Der Schreibstil ist sehr flüssig, leicht lesbar, es gibt keine komplizierten Sätze, über die man stolpern könnte, und dennoch wirkt er nicht platt oder anspruchslos.

Während des Lesens habe ich mich des Öfteren gefragt, ob der Autor manches nur erfunden hat, weil er eine ausgeprägte Vorstellungskraft hat, oder ob er sich tatsächlich so tief in die verschiedenen Themen eingearbeitet hat, wie es wirkt (so selbstverständlich). Am Ende des Buches stellt sich in den Danksagungen heraus, dass es Letzteres ist und er sich tatsächlich sogar körperlich auf diverse Kampfsportarten etc. eingelassen hat, um Evans Moves, Methoden und Werkzeuge so realistisch wie möglich darzustellen.
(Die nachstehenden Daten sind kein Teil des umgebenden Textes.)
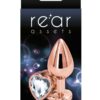 Rear Assets Rose Gold Heart Anal Plug - Medium - Clear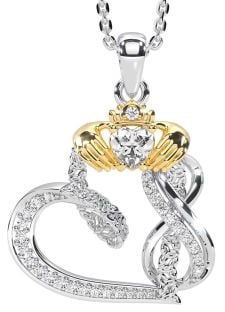 Diamond Gold Silver Claddagh Infinity Trinity knot Necklace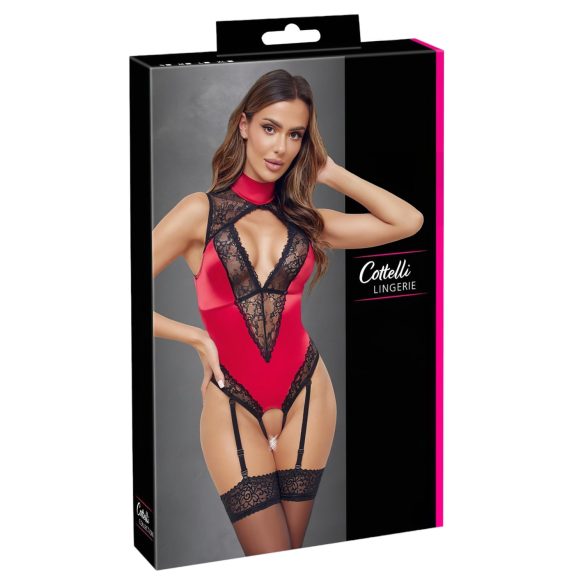 Cottelli - Spitzebody mit Halsband (rot) - L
Ich bin kein Spezialist, was Agenten-Instrumente, Waffen oder Kampfsport betrifft, aber auf mich wirkte die Darstellung genauso überzeugend, wie der Autor es vermutlich beabsichtigt hat.

Ich freue mich, dass es bereits weitere Bände der Reihe gibt und werde sicherlich bald mit Band 2 beginnen.

INFO: Das Buch habe ich als Ebook (Kindle) gelesen, nur konnte man hier "Ebook" nicht auswählen. In der Ebook-Version kam es ein paarmal (ca. 4-5x) vor, dass mitten in einem Wort ein Leerzeichen war. Ob das in der Druckausgabe auch der Fall ist, weiß ich leider nicht.

Ich wünsche viel Spaß bei der Lektüre!